Friday, June 27, 2014

Summer Camp

I wasn't always someone who went camping or hiking. In fact, if you'd asked me ten years ago, I would have raised a quizzical eyebrow at you and suggested a walk at the arboretum, or a city park instead, with a definite destination for coffee and buns and maybe a bookstore in sight.

It wasn't that I didn't love being outdoors, I did; walking endless miles (so long as they were within city limits), exploring forests and rivers, enjoyed foraging for mushrooms an berries in the suburban woods and escaping to the solitude of the Finnish summer isles, but for much of my life, I preferred cities. The glow of lights, the possibilities and excitement of them, the sound of something always happening, even if it was in the distance and I was safely tucked away in my room, most likely reading. I was also definitely not "the outdoorsy-type" and most of my childhood memories with camping, wilderness and hiking have the distinct tinge of hilarious-in-hindsight misery to them.

The idea of being uncomfortable on purpose was completely lost on me in my teens and early twenties. I don't know if it's a common hippie-kid experience, but giving up hot running water and indoor plumbing for a lark seemed fairly stupid to me. Having escaped a life in cold water, unreliable wood heat and outhouses, I was never eager to re-create it for an adventure.

Had I lived somewhere where nature experiences were scarce, I might have sought them out more, no matter the potential discomfort, but in Finland nature is always right there, waiting for you on your stoop, just lurking right in your backyard, trying to push in from the edge of town. If you want to go to the woods, you can do so very easily, because the woods are everywhere. The landscapes have an unassuming beauty, but they're also pretty monotonous; thousands of lakes, endless forests, mostly thick and dark evergreens. It wasn't until my early twenties, when I first laid eyes on a truly primeval forest that I discovered that I'd basically grown up in what's possibly world's largest forestry experiment: an entire country of second -and third-growth forest.

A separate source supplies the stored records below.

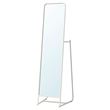 IKEA - KNAPPER, standing mirror, white, 48x160 cm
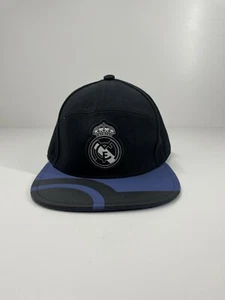 Adidas Real Madrid Cap Hat Football adjustable black purple one size fits most - Picture 1 of 5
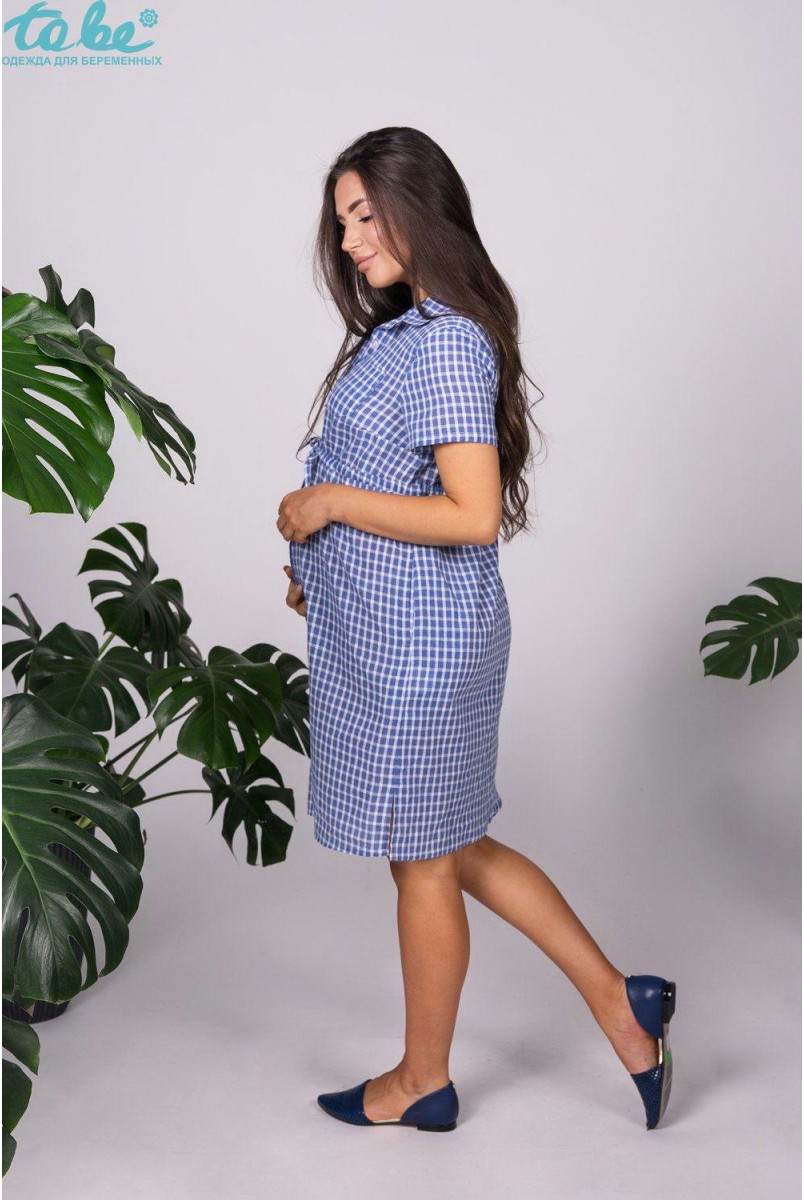 Платье арт. 1233614 синий для беременных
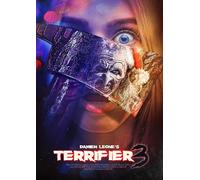 Terrifier 3 Christmas locandina Arte The Clown Horror Movie Stampa Damien Leone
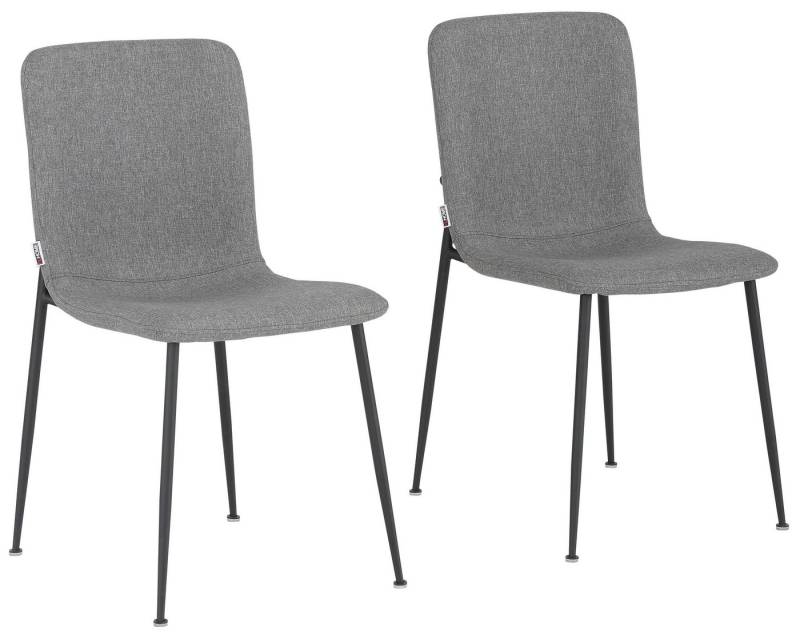 loft24 Esszimmerstuhl Fatima (Set, 2 St), Bezug aus Webstoff, Stuhl, Polsterstuhl, Metallgestell von loft24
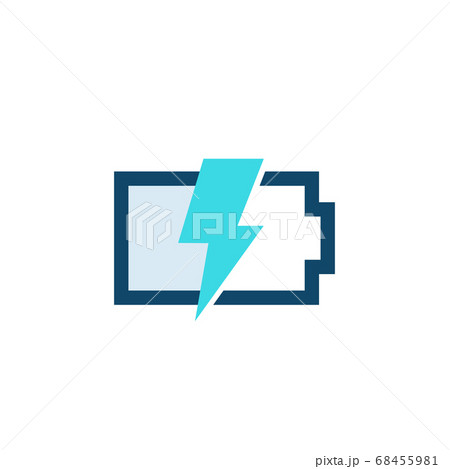 charging battery vector icon on white 68455981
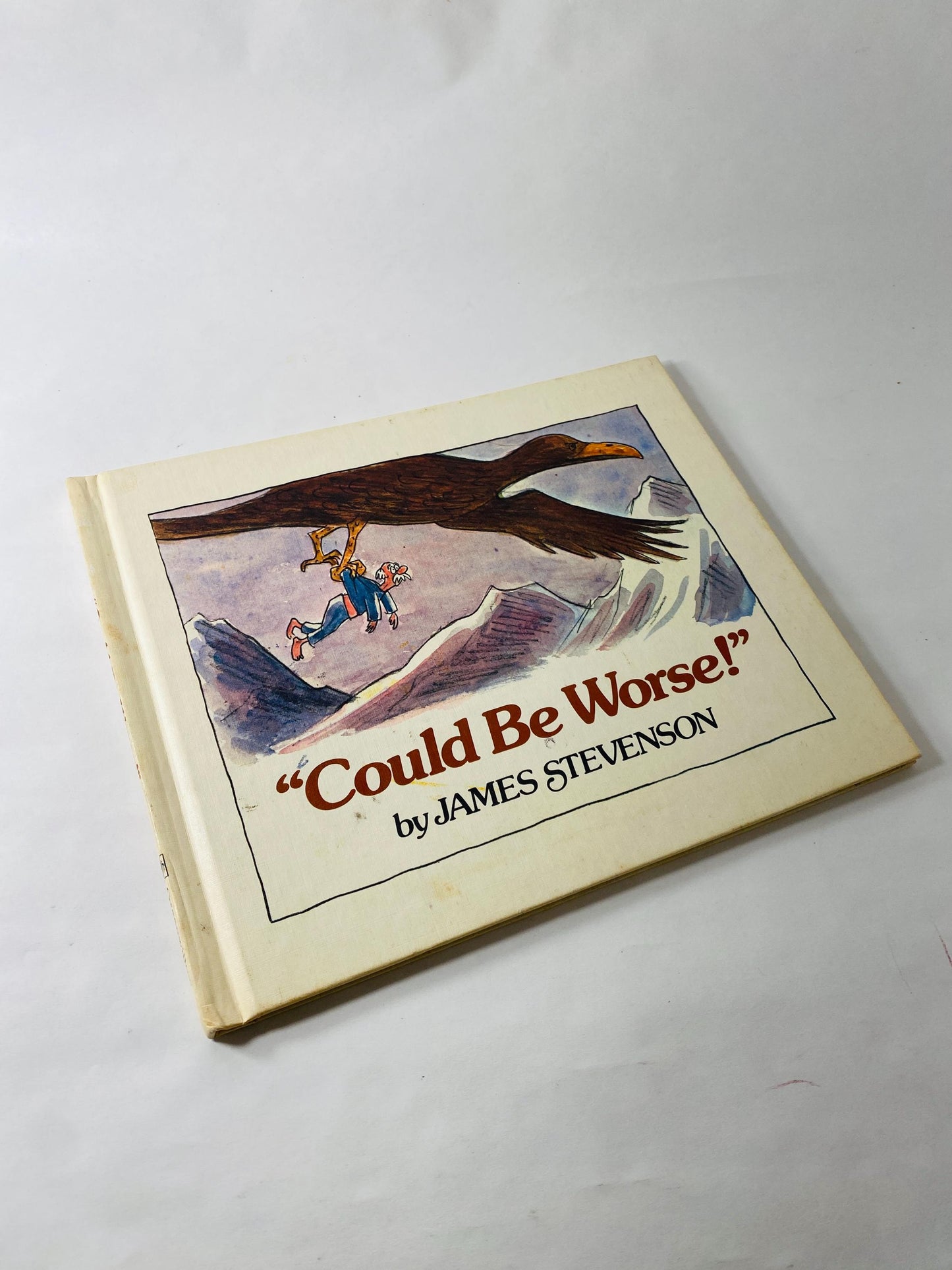 Could be Worse by James Stevenson vintage Weekly Reader kids book story circa 1976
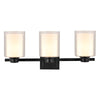 Design House  Oslo 3-Light Vanity Light, Matte Black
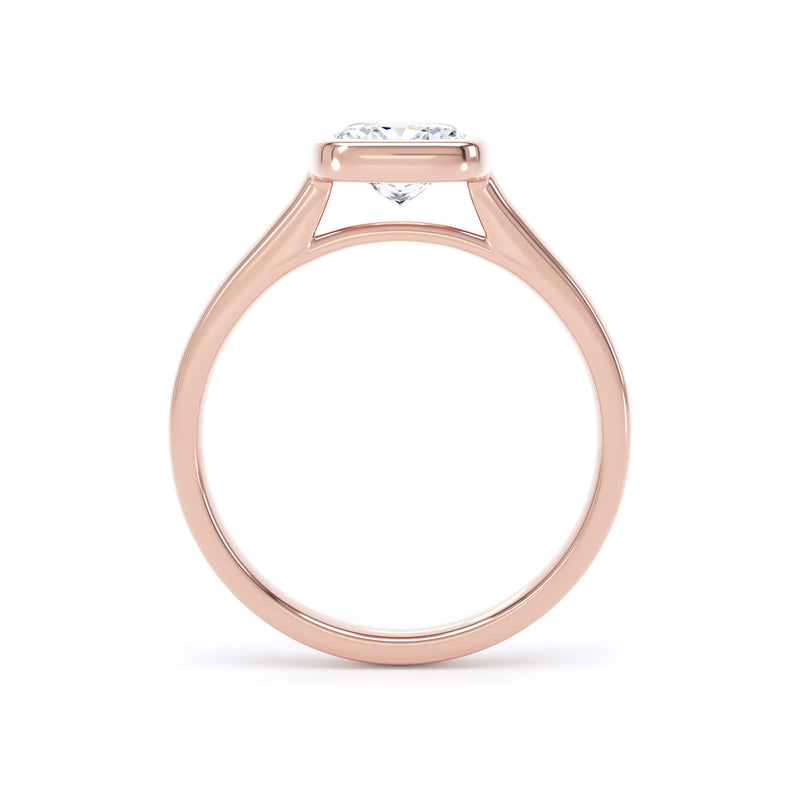Wynn Cushion Cut Engagement Ring in 18ct Rose Gold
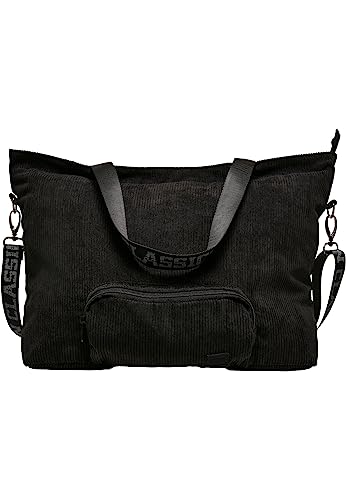 Urban Classics Unisex Corduroy Tote Bag Tasche, Schwarz, Einheitsgröße EU von Urban Classics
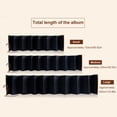 thumbnail image 4 of Scrapbook Album Photo Album With DIY Accessories Set Stretchable Folding Paper Memory BookforWedding Anniversary, Medium Size, Kraft Paper Inner Pages, 14 * 21cmforPhotos, 4 of 9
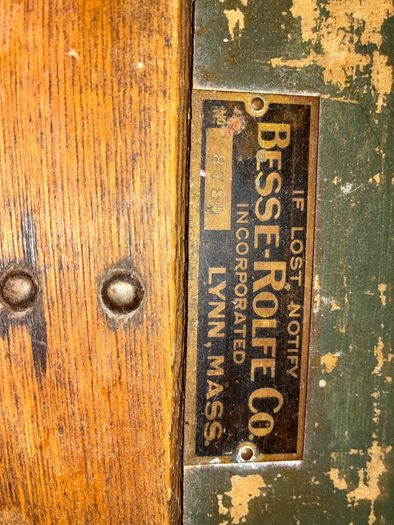 Antique 1912 Trunk with Original Stamp plate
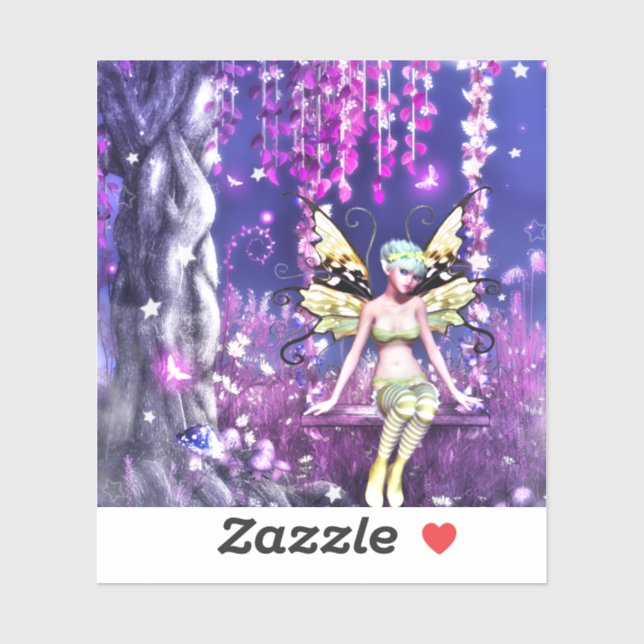 Sticker Fée adorable (Feuille)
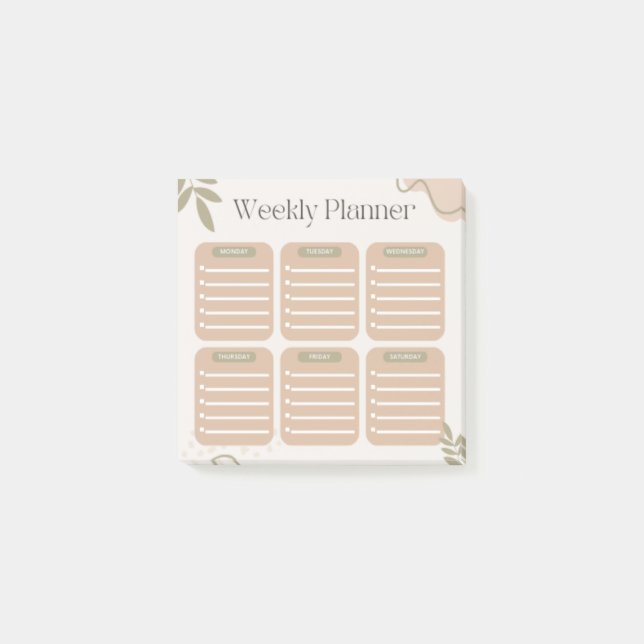 Notas de Post-It de Efficient Weekly Planner (Anverso)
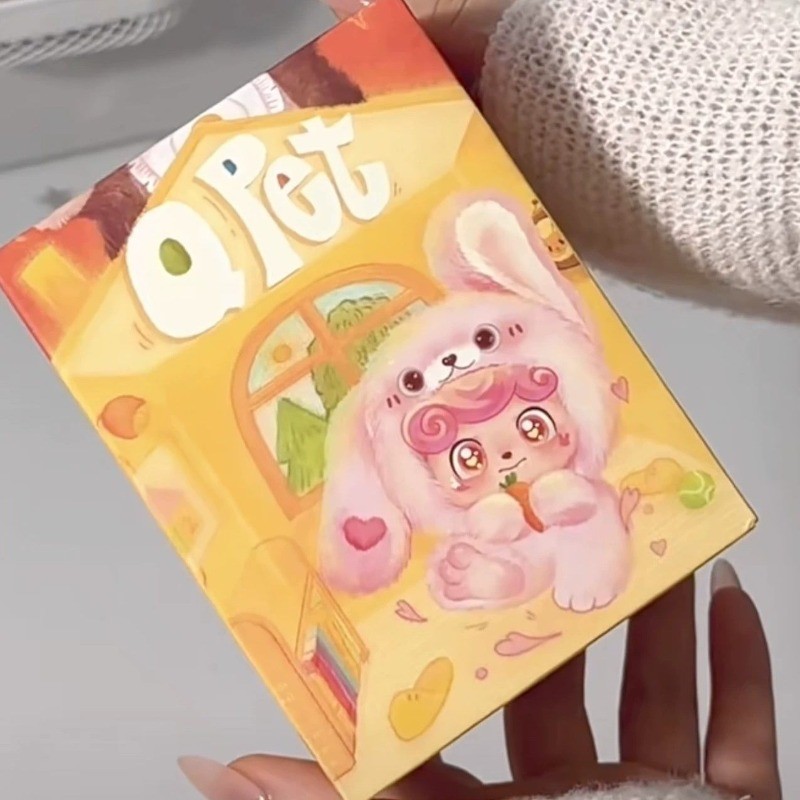 Jotoys Q.Kid Cute Pet Babies Series Plush Doll Cute Design Collectible Pendant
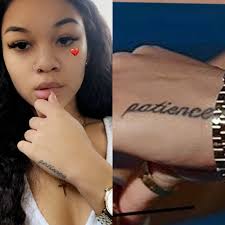 See more ideas about small tattoos, patience tattoo, tattoos. Wolftyla Writing Side Of Hand Tattoo Steal Her Style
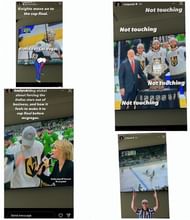 CM Punk with Game 6 commentary between the Dallas Stars and the Vegas Golden Knights on his Instagram account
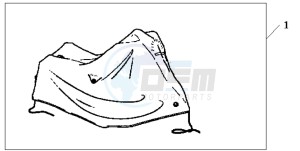 VT750CA drawing BODY COVER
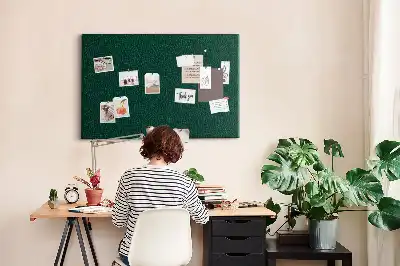 Tableau d’affichage en liège avec motif de feuilles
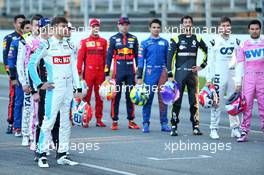 George Russell (GBR) Mercedes AMG F1 Test Driver at a drivers group photograph. 19.02.2020. Formula One Testing, Day One, Barcelona, Spain. Wednesday.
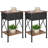 Set Of 2 Fabric Drawer Nightstand With Open Shelf, Small Bedside Table For Bedroom, Living Room Or Dorm-641028240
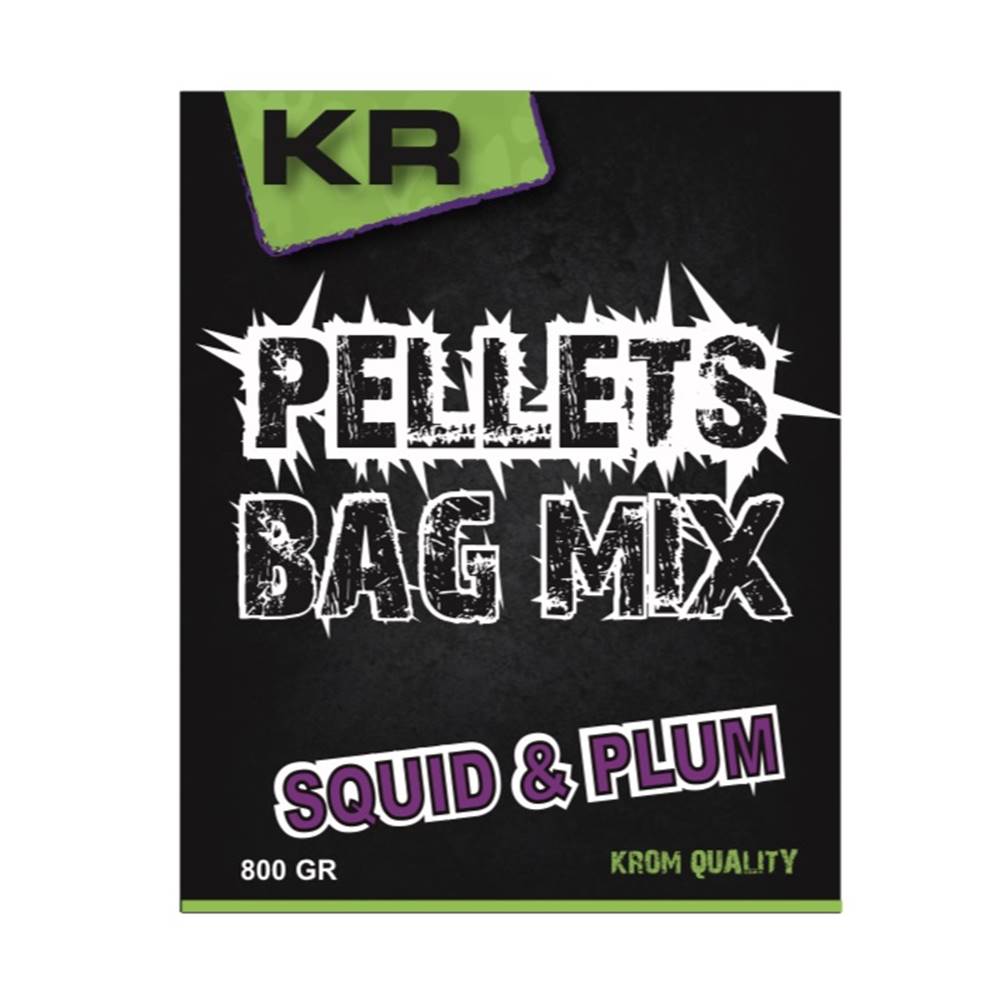 KROM QUALITY PELLETS BAG SQUID PLUM 4.5MM 800g - Imagen 2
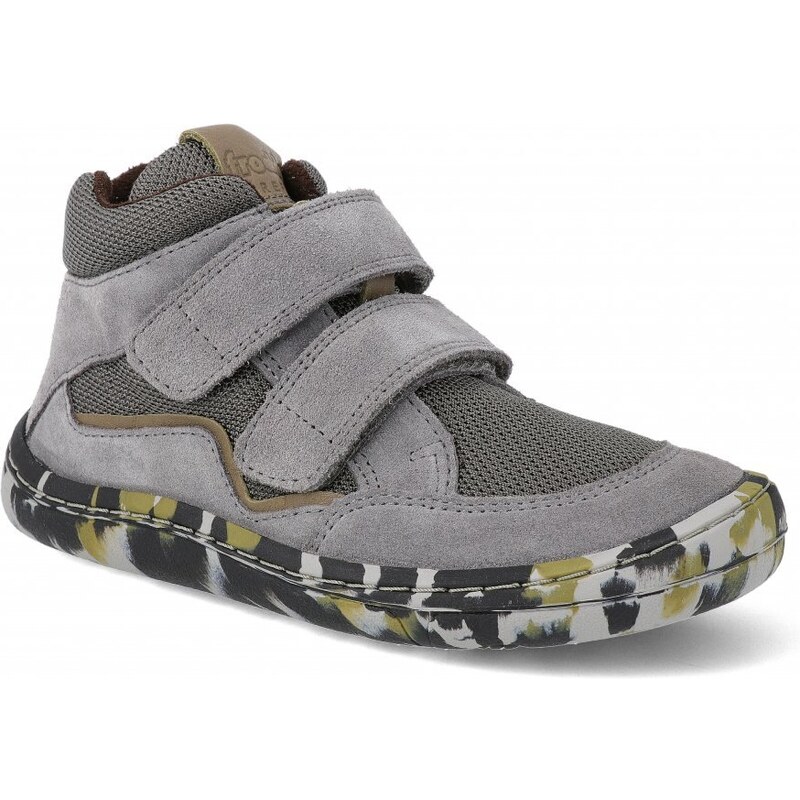 Barefoot dětské kotníkové boty Froddo - Autumn T šedé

Living in a small town surrounded by an army of trees as far as the eye can see and lakes seemingly blocking every exit, I dreamt only of big cities, of Paris and Hong Kong and Tokyo and Buenos Aires, anywhere with an underground and loud sirens and strangers. The last thing I wanted, was to go somewhere even more backwatered than where I already was. Cities seemed wild to me, unpredictable, mysterious, full of native flora and fauna to observe. The actual wild places, seemed boring by comparison. At sixteen I moved out of home to live in the biggest city Finland had to offer, at nineteen, to the biggest city in Western Europe.

And while I often yarned for wilder places and sought them out in the English countryside, in Scottish highlands, in the Finnish berry patches, I would have described myself as an urban person, someone only interested in nature as a concept, something to conserve, something to look at, something I knew I wanted to exist in the world, but not necessarily spend a lot of time wading through, muddied and mosquito bitten.

So what happened? Well, for one thing, America happened. The moment I set my sights on the mountain vistas, 1000-year-old trees and misty beaches of the Pacific Northwest, the wilderness downtown was never enough again. It was here that I saw my first mountain, my first truly open ocean,   experienced real awe over a landscape, instead the mild delight I was used to, looking over a Finnish lake view.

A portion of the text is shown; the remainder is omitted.